Mais la classe ouvrière mondiale connaît sa propre voie de sortie : le socialisme. Nous nous appuyons sur le potentiel qui s’est déjà développé au sein du capitalisme. Premièrement, sur l’état actuel de la science, de la technologie et de la productivité. Deuxièmement, sur la classe ouvrière la plus nombreuse et la mieux éduquée que le monde ait jamais connue. Et troisièmement, sur une classe ouvrière qui a la capacité de gérer, de planifier et d’utiliser l’ensemble des moyens de production au bénéfice de l’humanité. Ainsi, toutes les barrières connues aujourd’hui peuvent être abattues. Mais pour cela, les salarié-e-s doivent être libéré-e-s des entraves du capitalisme.
Les deux premières conditions sont remplies. La troisième, cependant, ne peut être remplie par elle-même car elle dépend de l’intervention consciente de la classe salariée dans le cours de l’histoire. Une majorité de la classe a besoin de la volonté de briser les règles sacrées du capitalisme.
Beaucoup sont d’accord avec nous pour dire que la contrainte de faire des profits est responsable de nombreuses catastrophes.
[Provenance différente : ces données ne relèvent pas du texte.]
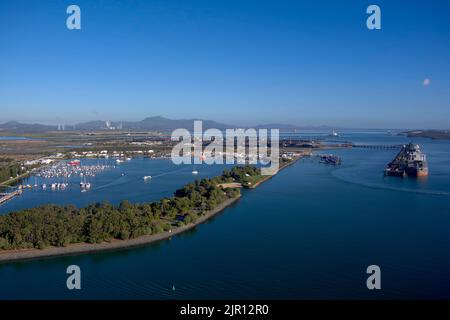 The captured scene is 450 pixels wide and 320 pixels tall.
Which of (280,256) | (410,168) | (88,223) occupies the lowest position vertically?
(280,256)

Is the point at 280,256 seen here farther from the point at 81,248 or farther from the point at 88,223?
the point at 88,223

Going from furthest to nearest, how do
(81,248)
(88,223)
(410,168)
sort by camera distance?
(410,168) → (88,223) → (81,248)

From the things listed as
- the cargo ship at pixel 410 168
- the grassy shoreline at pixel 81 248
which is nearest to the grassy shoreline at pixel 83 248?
the grassy shoreline at pixel 81 248

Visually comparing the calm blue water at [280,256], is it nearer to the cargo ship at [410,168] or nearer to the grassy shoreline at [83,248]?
the grassy shoreline at [83,248]

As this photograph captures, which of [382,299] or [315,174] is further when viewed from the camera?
[315,174]

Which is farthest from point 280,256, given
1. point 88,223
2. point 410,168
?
point 410,168

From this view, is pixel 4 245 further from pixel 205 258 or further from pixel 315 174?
pixel 315 174

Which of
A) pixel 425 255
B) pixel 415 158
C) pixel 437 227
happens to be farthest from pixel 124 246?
pixel 415 158

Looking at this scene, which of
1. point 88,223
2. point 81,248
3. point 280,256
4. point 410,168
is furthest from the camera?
point 410,168

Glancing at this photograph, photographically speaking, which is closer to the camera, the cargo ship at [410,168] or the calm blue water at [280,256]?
the calm blue water at [280,256] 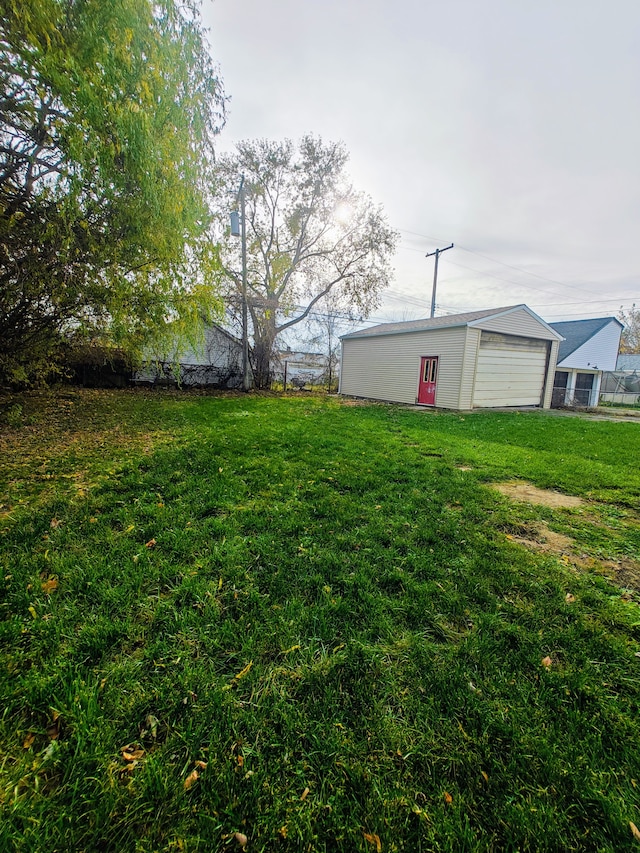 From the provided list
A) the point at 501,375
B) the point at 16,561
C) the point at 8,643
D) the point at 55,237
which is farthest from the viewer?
the point at 501,375

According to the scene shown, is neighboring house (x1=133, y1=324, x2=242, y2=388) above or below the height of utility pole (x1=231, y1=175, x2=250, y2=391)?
below

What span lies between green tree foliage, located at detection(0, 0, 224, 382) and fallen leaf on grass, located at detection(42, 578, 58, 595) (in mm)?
3910

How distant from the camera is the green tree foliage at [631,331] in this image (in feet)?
119

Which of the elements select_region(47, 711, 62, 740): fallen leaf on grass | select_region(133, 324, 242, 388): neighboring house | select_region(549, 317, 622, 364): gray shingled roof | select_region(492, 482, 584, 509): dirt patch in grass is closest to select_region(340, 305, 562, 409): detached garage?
select_region(133, 324, 242, 388): neighboring house

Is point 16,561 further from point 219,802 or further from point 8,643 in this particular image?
point 219,802

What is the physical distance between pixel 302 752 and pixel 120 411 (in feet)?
28.4

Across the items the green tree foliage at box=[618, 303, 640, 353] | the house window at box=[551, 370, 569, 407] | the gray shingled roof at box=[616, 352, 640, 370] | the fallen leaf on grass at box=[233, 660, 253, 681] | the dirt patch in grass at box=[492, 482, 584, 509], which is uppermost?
the green tree foliage at box=[618, 303, 640, 353]

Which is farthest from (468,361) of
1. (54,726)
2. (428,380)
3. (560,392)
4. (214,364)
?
(54,726)

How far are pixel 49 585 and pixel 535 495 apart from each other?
14.6 ft

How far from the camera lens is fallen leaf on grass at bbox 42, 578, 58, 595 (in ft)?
6.56

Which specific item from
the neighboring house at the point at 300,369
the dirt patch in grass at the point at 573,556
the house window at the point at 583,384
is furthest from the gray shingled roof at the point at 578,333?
the dirt patch in grass at the point at 573,556

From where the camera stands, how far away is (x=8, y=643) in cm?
166

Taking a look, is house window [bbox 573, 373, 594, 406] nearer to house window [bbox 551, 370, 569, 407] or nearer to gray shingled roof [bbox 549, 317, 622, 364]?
house window [bbox 551, 370, 569, 407]

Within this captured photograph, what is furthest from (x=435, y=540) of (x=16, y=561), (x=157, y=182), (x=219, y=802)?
(x=157, y=182) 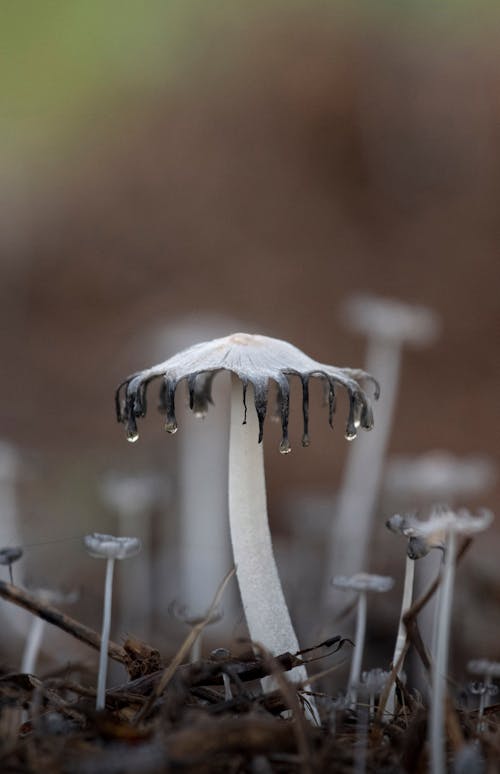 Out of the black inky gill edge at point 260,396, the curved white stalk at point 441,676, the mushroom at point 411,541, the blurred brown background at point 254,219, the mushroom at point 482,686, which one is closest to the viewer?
the curved white stalk at point 441,676

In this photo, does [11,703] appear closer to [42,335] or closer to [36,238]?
[42,335]

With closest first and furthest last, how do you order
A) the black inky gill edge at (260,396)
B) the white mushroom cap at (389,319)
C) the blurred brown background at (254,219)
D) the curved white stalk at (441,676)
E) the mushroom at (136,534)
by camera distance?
the curved white stalk at (441,676) → the black inky gill edge at (260,396) → the mushroom at (136,534) → the white mushroom cap at (389,319) → the blurred brown background at (254,219)

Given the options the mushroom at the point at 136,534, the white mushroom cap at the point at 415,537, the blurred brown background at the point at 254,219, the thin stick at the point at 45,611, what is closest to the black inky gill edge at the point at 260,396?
the white mushroom cap at the point at 415,537

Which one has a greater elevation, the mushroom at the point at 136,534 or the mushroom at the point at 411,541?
the mushroom at the point at 411,541

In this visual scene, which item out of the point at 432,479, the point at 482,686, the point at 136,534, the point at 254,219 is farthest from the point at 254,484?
the point at 254,219

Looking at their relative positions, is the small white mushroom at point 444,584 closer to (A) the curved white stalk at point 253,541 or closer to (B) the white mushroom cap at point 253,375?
(B) the white mushroom cap at point 253,375

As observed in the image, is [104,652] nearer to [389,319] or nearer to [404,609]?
[404,609]

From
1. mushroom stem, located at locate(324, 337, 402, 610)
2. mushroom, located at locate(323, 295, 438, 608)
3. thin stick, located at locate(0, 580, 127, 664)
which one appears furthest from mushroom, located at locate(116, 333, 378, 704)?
mushroom, located at locate(323, 295, 438, 608)

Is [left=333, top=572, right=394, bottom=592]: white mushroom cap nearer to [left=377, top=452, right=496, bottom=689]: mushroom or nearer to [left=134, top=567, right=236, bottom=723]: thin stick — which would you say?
[left=134, top=567, right=236, bottom=723]: thin stick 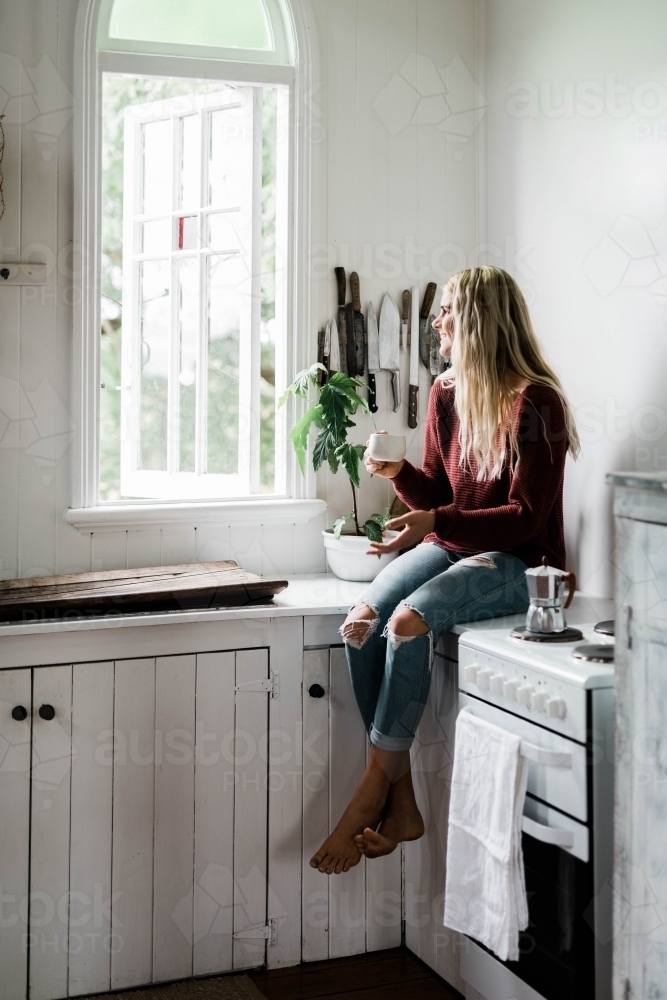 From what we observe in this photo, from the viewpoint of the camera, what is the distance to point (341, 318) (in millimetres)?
2830

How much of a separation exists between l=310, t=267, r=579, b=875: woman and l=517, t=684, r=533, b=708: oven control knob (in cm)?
32

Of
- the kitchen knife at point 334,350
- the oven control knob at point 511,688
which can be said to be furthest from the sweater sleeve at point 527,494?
the kitchen knife at point 334,350

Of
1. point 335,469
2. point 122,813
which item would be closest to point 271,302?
point 335,469

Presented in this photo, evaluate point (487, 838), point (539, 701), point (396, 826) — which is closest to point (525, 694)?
point (539, 701)

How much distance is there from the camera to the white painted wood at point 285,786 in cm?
230

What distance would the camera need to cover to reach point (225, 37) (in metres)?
2.77

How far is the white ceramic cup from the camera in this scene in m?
2.20

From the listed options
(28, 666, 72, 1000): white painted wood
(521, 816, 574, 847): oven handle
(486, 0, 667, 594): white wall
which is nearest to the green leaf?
(486, 0, 667, 594): white wall

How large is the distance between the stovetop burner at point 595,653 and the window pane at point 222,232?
1658 millimetres

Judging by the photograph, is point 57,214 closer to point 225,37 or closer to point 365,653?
point 225,37

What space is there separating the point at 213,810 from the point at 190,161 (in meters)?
1.87

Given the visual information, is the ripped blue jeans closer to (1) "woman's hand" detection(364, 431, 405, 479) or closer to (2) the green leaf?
(1) "woman's hand" detection(364, 431, 405, 479)

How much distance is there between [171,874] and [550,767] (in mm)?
983

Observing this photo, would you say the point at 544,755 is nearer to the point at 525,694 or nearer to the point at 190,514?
the point at 525,694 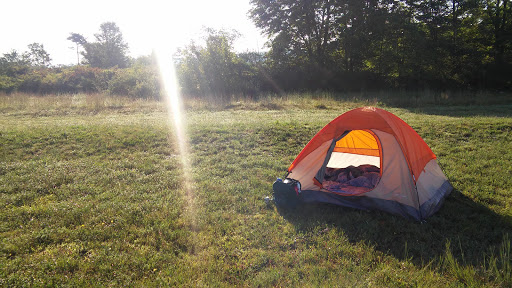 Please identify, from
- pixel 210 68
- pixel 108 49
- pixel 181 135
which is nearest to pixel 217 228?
pixel 181 135

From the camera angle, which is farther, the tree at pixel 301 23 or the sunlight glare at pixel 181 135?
the tree at pixel 301 23

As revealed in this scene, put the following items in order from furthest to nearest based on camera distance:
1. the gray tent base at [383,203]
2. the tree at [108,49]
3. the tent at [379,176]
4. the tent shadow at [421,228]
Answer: the tree at [108,49]
the tent at [379,176]
the gray tent base at [383,203]
the tent shadow at [421,228]

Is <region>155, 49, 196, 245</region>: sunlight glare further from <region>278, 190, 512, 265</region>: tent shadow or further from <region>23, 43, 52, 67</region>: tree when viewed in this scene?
<region>23, 43, 52, 67</region>: tree

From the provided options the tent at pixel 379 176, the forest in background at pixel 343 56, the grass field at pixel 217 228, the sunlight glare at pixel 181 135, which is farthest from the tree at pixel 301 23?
the tent at pixel 379 176

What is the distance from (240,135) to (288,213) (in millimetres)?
4830

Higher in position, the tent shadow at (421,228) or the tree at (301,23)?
the tree at (301,23)

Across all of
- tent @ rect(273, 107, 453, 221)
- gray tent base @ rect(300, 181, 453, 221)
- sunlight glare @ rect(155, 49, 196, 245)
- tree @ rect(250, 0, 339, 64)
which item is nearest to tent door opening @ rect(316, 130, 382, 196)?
tent @ rect(273, 107, 453, 221)

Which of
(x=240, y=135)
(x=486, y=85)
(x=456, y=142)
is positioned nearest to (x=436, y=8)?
(x=486, y=85)

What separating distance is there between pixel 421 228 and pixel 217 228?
8.81 feet

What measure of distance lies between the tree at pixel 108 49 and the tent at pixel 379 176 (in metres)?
45.9

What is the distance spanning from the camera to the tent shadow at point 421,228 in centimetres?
326

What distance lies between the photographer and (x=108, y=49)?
43125mm

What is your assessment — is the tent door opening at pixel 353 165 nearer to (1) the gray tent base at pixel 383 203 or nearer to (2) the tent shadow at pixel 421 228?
(1) the gray tent base at pixel 383 203

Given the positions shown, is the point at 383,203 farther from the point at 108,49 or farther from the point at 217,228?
the point at 108,49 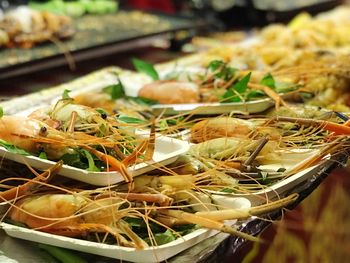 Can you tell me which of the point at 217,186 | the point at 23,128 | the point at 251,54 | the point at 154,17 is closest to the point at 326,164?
the point at 217,186

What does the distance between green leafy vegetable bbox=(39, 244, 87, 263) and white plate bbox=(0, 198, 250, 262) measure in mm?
13

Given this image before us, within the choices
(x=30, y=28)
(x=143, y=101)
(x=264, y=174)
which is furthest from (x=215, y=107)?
(x=30, y=28)

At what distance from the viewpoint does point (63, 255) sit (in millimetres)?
1126

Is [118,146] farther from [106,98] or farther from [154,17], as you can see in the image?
[154,17]

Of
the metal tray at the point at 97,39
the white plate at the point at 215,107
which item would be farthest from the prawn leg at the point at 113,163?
the metal tray at the point at 97,39

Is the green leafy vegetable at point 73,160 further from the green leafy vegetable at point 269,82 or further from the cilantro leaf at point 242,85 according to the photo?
the green leafy vegetable at point 269,82

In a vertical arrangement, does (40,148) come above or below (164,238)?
above

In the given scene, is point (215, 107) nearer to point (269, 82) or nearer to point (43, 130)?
point (269, 82)

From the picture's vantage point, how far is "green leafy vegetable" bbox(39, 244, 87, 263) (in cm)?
112

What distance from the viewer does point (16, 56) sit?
2.84 m

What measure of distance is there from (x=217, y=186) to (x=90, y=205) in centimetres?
31

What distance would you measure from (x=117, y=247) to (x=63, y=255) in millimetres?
120

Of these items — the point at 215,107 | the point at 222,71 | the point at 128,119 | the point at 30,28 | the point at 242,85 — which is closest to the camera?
the point at 128,119

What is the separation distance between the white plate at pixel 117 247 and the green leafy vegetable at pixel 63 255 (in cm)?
1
Mais cette société doit être libérée de cette contrainte afin que la classe ouvrière ait un avenir digne. Et que cela soit possible et réaliste, c’est quelque chose que la plupart des gens ne voient pas encore aujourd’hui.
Mais en ce qui concerne la conscience des salarié-e-s, nous sommes confronté-e-s à un changement d’époque. Comme l’a bien dit Marx, l’existence sociale influence la conscience. Pour beaucoup, la crise détruit toute chance d’un avenir sûr. Par conséquent, toutes les évidences sont de plus en plus remises en question.
Le problème décisif de l’époque, cependant, est qu’il manque aujourd’hui une force qui puisse montrer aux masses une alternative réaliste au statu quo. Il n’y a pas de parti révolutionnaire. Nous ne pouvons pas y remédier à court terme. Ce que nous pouvons faire, en revanche, c’est nous organiser avec celles et ceux qui ont déjà reconnu cette nécessité historique et qui sont prêt-es à jeter les bases d’un tel parti.
La classe dirigeante n’a pas d’alternative. Nous – les salarié-e-s et leurs jeunes – sommes l’alternative. Nous sommes la génération qui souffre le plus du capitalisme. Et nous sommes la génération qui détruira les contradictions du capitalisme, de la recherche du profit, de la propriété privée et des États-nations. Aujourd’hui, nous devons nous y préparer et construire une organisation qui s’engage dans cette lutte. Mais nous ne pouvons pas le faire seuls. Toi aussi, engage-toi dans cette lutte ! Parce que c’est le combat le plus urgent de l’humanité.
Par mode de production, nous entendons la façon dont une société organise tout le travail nécessaire à la survie et à la satisfaction de ses membres. Dans le passé, il existait des modes de production anciens et féodaux. Aujourd’hui, nous sommes sous le capitalisme. Ce qui est particulier, c’est que l’ensemble de la société (et donc presque toutes les interactions sociales) est construit autour du marché, des marchandises et du profit. Sous le capitalisme, il n’y a pas de production pour satisfaire les besoins humains. Il n’y est produit que pour faire du profit.